Вспомним слова В. Васильева о том, что четвертая книга романа «Тихий Дон» несла на себе «едва улавливаемую печать книги последней, не в ряду других, а в смысле последней в жизни Шолохова, в смысле его завещания...». Удивительно тонкое и точное замечание! Четвертая книга «Тихого Дона», вышедшая в свет в самый канун Великой Отечественной войны, и в самом деле была завещанием Шолохова и одновременно — его исповеданием веры, самой высокой точкой в эволюции его творчества.
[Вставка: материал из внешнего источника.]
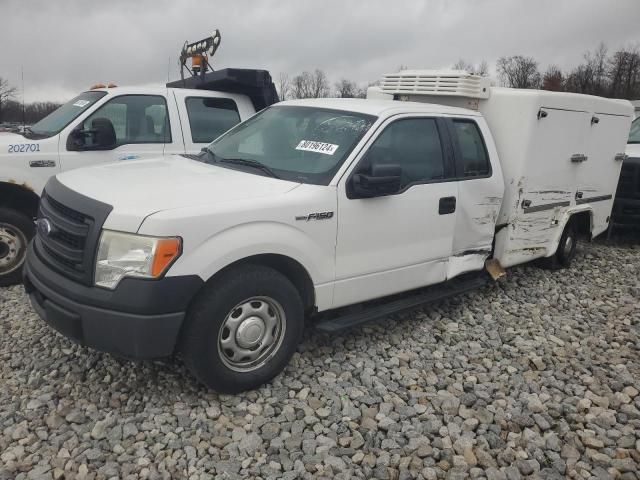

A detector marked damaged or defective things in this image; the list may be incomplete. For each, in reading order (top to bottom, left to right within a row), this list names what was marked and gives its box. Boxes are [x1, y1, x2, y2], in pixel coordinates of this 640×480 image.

damaged box truck panel [378, 70, 632, 268]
Это заключение ни в коей мере не означает недооценки «Поднятой целины», незаконченного романа «Они сражались за Родину», и уже тем более — рассказа «Судьба человека», сопоставимого по экспрессии и эмоциональной выразительности с лучшими страницами «Тихого Дона». Мы констатируем лишь очевидный факт: именно «Тихий Дон» и, в особенности, его четвертая книга — вершина в творчестве Шолохова. Свидетельства близких о том, что Шолохов, как бы повторяя Гоголя, снова и снова жег в камине страницы своих послевоенных произведений, говорят не просто о муках творчества, но и о том, что это творчество шло трудно. Не вызывает сомнения свидетельство близко знавшего Шолохова в послевоенные годы редактора Вёшенской газеты Амана Давлятшина, который вспоминает слова Шолохова: «Вы не ждите от меня ничего более значительного, чем “Тихий Дон” — как-то негромко сказал он, отвечая на один из дежурных вопросов, по-видимому неприятных для него. — Я сгорел, работая над “Тихим Доном”. Сгорел... — замечает по поводу этих слов Давлятшин. — Только Шолохов мог сказать о себе так жестко и точно»4
.С этим свидетельством А. Давлятшина перекликается воспоминание Э. Быстрицкой, сыгравшей роль Аксиньи в фильме «Тихий Дон», которая в документальном телефильме «Годы и роли» рассказывала о своей встрече с Шолоховым в начале 60-х годов в гостинице «Астория» в Ленинграде, когда он сказал ей с горечью:
— Думаешь, я не знаю, что лучше «Тихого Дона» я ничего не написал?